7.2 We will cooperate fully with investigations of violation of systems or network security at other sites and will cooperate with law enforcement authorities in the investigation of possible criminal violations. Customers who violate these terms may incur in criminal or civil liability.
ARTICLE VIII Term of Agreement
This Agreement will take effect on the Effective Date and remain in effect for a period of twelve (12) months, unless sooner terminated pursuant to the terms hereof.
ARTICLE IX Termination
9.1 Either Party may terminate this Agreement, with or without cause, upon 10 days prior written notice to the other party. Termination of this Agreement prior to the end of the term hereof shall not effect the obligation of the Web Site Owner to continue to pay the entire hosting fee hereunder through the entire term hereof.
9.2 We reserves the right to add, delete, or modify these Terms and Conditions, our hosting packages, prices and website at any time with notice provided via WWW and/or customer control panel(s). All customers are encouraged to check this document at least once a month to ensure they are aware of any changes.
9.3 If a breach of these terms and conditions is found we will, at our sole discretion, determine whether it is a serious or minor breach. If a serious breach of these terms is found we reserve the right to suspend the account(s) of the customer in question or disable any part of the account before contacting them. We will however make an attempt to contact the customer prior to suspension in the event of a minor breach using the email address we have on record for your account. If no reply is received within 3 days we will escalate the status of the breach to a serious breach and may suspend the account(s).
ARTICLE X Miscellaneous
10.1 This Agreement may not be assigned by either Party or by operation of law to any other person, firm, or entity without the express written approval of the other Party.
10.2 This Agreement may be amended at any time and from time to time, but any amendment must be in writing and signed by each Party to be bound.
10.3 Either Party will be excused from delays in performing or from failing to perform its obligations under this Agreement to the extent they act diligently to remedy the cause of the delay or failure.
10.4 This Agreement is a negotiated document and shall be deemed to have been drafted jointly by the Parties, and no rule of construction or interpretation shall apply against any particular Party based on a contention that the Agreement was drafted by one of the Parties. This Agreement shall be construed and interpreted in a neutral manner.
10.5 If any term, provision, covenant, or condition of this Agreement is held by a court of competent jurisdiction to be invalid or unenforceable, the rest of the Agreement shall remain in full force and effect and shall in no way be affected or invalidated.
10.6 This Agreement, including all Exhibits, Appendices, and Attachments, contains the entire agreement of the Parties relating to the rights granted and obligations assumed herein. Any oral representations or modifications concerning this instrument shall be of no force or effect unless contained in a subsequent written modification signed by the Party to be charged.

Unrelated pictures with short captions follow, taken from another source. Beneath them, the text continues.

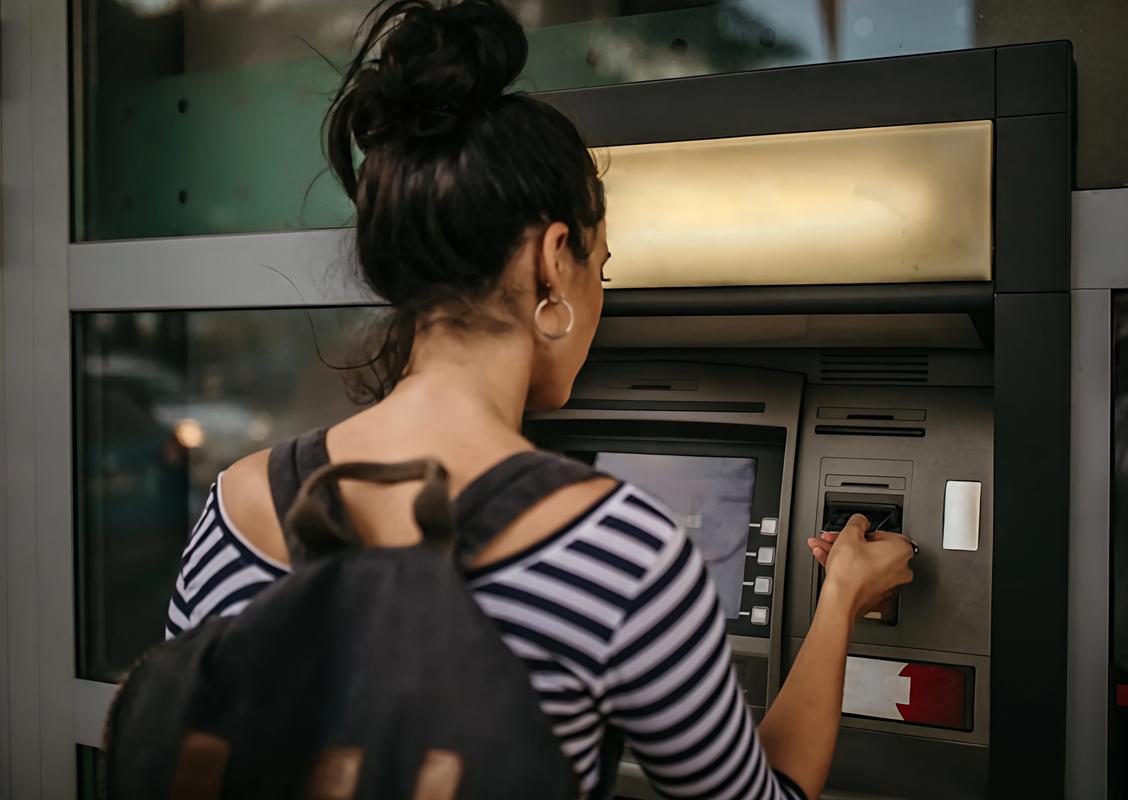 Arriva il bancomat ma solo per i prelievi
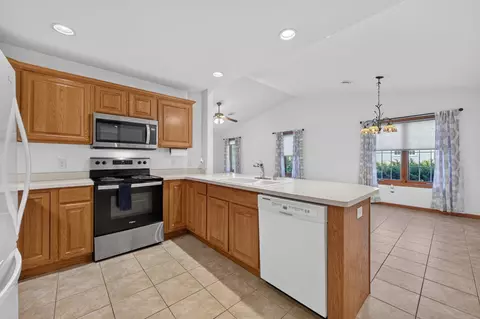 669 Springbrook Cir, Deforest, WI 53532 photo 25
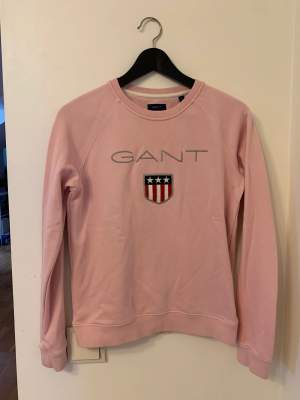 Ljusrosa tröja från Gant i strl S (färgen gör sig mest rättvis på bild 3). Knappt använd så i fint skick, finns dock en svagt ljusgrå skiftning vid ärmslutet (bild 3).  Kan mötas i Linköping annars står köparen för frakt. Katt i hemmet 😸
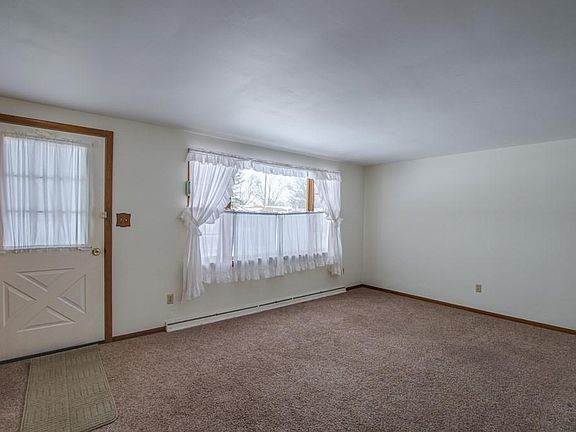 2nd image of 1230 Manner Dr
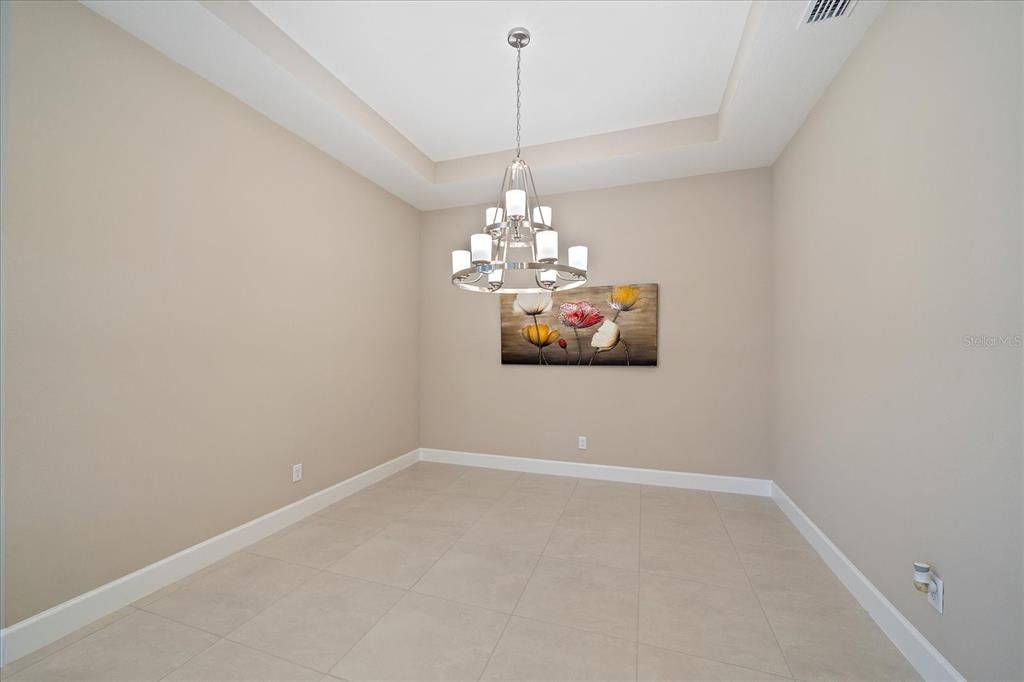 合同活跃: $435,000 (2 贝兹, 2 浴室, 1533 平方英尺)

10.7 This Agreement shall be governed. construed and interpreted in accordance with the laws of the State of Texas (without respect to principles of conflicts of law), and the Parties hereby submit to jurisdiction of and venue in the State of Texas in any legal proceeding necessary to interpret or enforce this Agreement or any part of this Agreement.
10.8 In any action brought under this Agreement, the prevailing party shall be entitled to recover its actual costs and attorney fees and all other litigation costs, including expert witness fees, and all actual attorney fees and litigation costs incurred in connection with the enforcement of a judgment arising from such action or proceeding. The provisions of the preceding sentence shall be severable from the provisions of this Agreement and shall survive the entry of any such judgment. The Parties submit to jurisdiction and venue in the State of Texas in any legal proceeding arising regarding this Agreement.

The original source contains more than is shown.